### WORK INSTRUCTIONS
Look in the material below for the line with "medop-logo-2" and the line with "Windbreaker Björn Borg Performance", then set down exactly those two lines and all lines between, nothing more.

### DATA SUPPLIED
=== Section Start ===
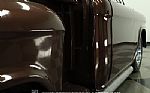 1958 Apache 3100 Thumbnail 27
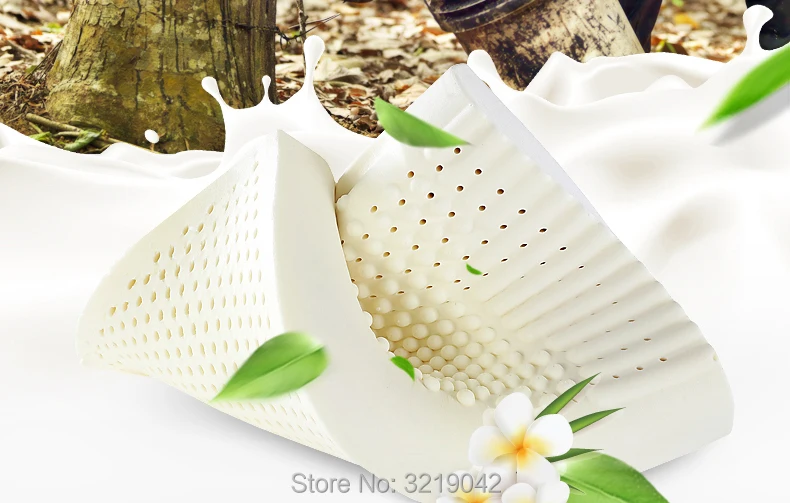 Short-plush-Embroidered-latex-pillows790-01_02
=== Section End ===
=== Section Start ===
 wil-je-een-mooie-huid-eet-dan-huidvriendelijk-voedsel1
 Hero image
=== Section End ===
=== Section Start ===
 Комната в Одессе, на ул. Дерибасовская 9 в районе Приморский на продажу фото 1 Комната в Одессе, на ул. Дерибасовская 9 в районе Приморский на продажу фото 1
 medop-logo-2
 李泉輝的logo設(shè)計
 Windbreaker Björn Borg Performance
=== Section End ===
### EXERCISE OUTPUT
 medop-logo-2
 李泉輝的logo設(shè)計
 Windbreaker Björn Borg Performance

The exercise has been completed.